On Feb. 21, they then went to the Mercy House orphanage, run by the Eastern Catholic Garrison Church. There, they delivered winter clothing, art supplies, and sports equipment to Roman for the 250 orphans in their organization. That night, they met with Maria, who runs a humanitarian aid organization in Lviv, and delivered her four duffel bags of winter clothing and children’s clothing.
“We became friends with her on our last trip and also gave her one duffel bag with clothing just for her two sons,” Winslow added. “Her husband is a soldier in the Territorial Guard.”
By Feb. 22, their translators, Ostap and Bohdanna (both Ph.D. professors at the Lviv National Academy of Arts), took the team to the Institute of Cultural Strategies, which is a government-run organization. The organization provides art and music therapy for refugees throughout the country.
“We delivered the rest of our art supplies, which will be sent out to Eastern cities in Ukraine,” he said.
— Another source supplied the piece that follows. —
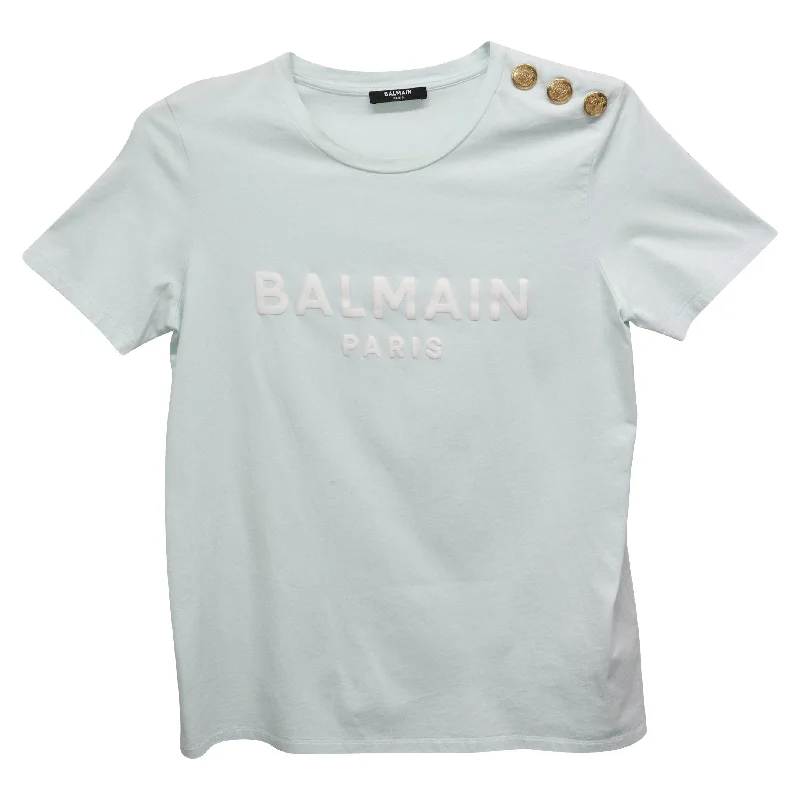 Balmain T-Shirt - Women's M Spandex Blend Rayon Blend Denim Blend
On Feb. 23, Ostap took Winslow to a refugee shelter at Ternopilska 8, in Lviv, which was located in a Soviet-era apartment building. There, he delivered the last three duffel bags of children’s clothing and winter hats. And by Feb. 24, the entire team took the train from Lviv to Przemysl and exited Ukraine.
“We needed to get out of the country before the one-year anniversary of the war, Feb. 24, because there was much anticipation of a massive offensive and rocket attacks throughout the country,” he explained.
Last year, the duo started the nonprofit NY4Ukraine and launched their website and Facebook page to help drive fundraising for the campaign. They made their first trip to the Ukraine over the summer of 2022, where they made a lot of great friends and contacts. During that trip, they visited with 17 bags of aid.
In addition to providing clean potable water filters and first-aid supplies to the 250,000 civilians in the city of Mykolaiv, NY4Ukraine also assisted in providing essential combat supplies to the Mykolaiv Regional Guard. These supplies included body armor, camouflage clothing, and ballistic helmets.